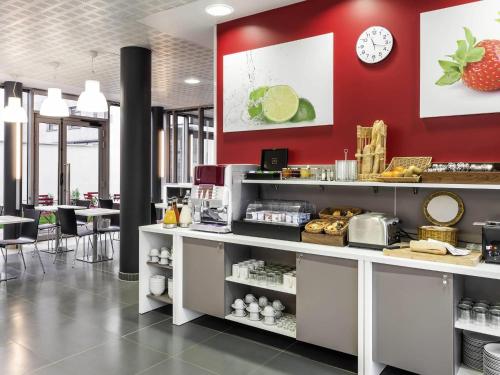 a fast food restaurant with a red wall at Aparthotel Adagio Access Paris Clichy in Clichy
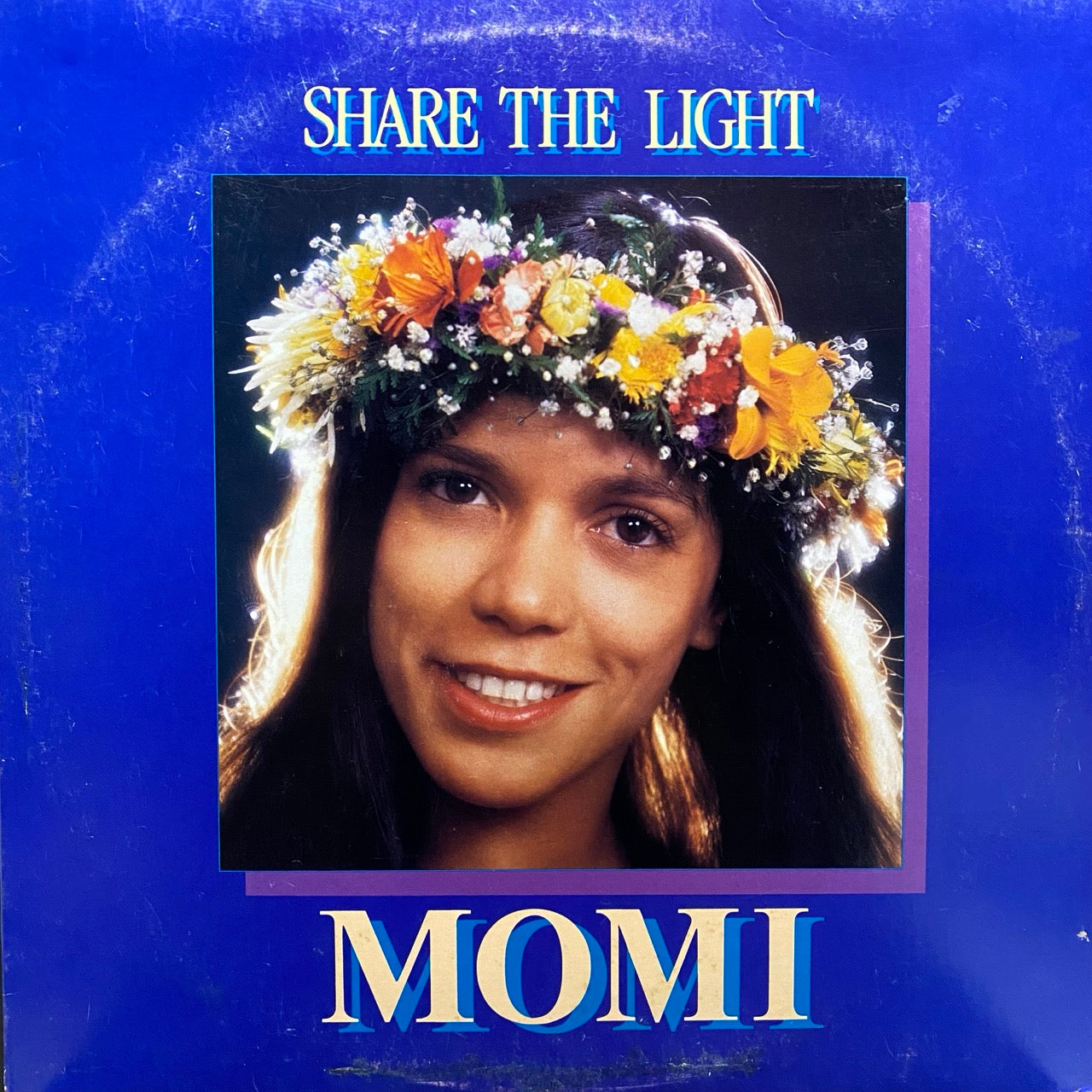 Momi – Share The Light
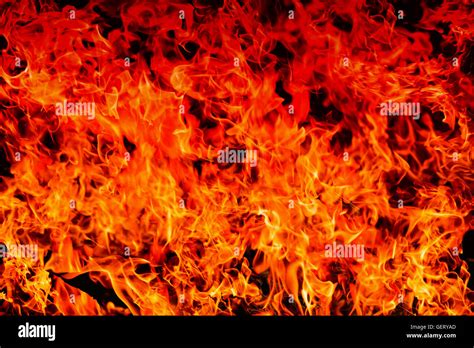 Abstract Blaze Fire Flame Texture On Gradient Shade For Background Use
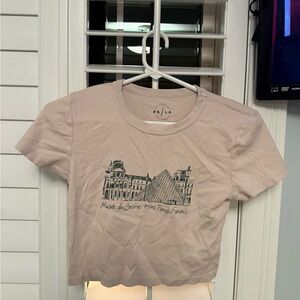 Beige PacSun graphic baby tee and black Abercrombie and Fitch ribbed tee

Activity = The result should be a transcript of the lines from the line containing "Momi – Share The Light" through the end of the listing above, exact, inclusive, and without pictures.

Exercise output =
 Momi – Share The Light
 Abstract Blaze Fire Flame Texture On Gradient Shade For Background Use
 Beige PacSun graphic baby tee and black Abercrombie and Fitch ribbed tee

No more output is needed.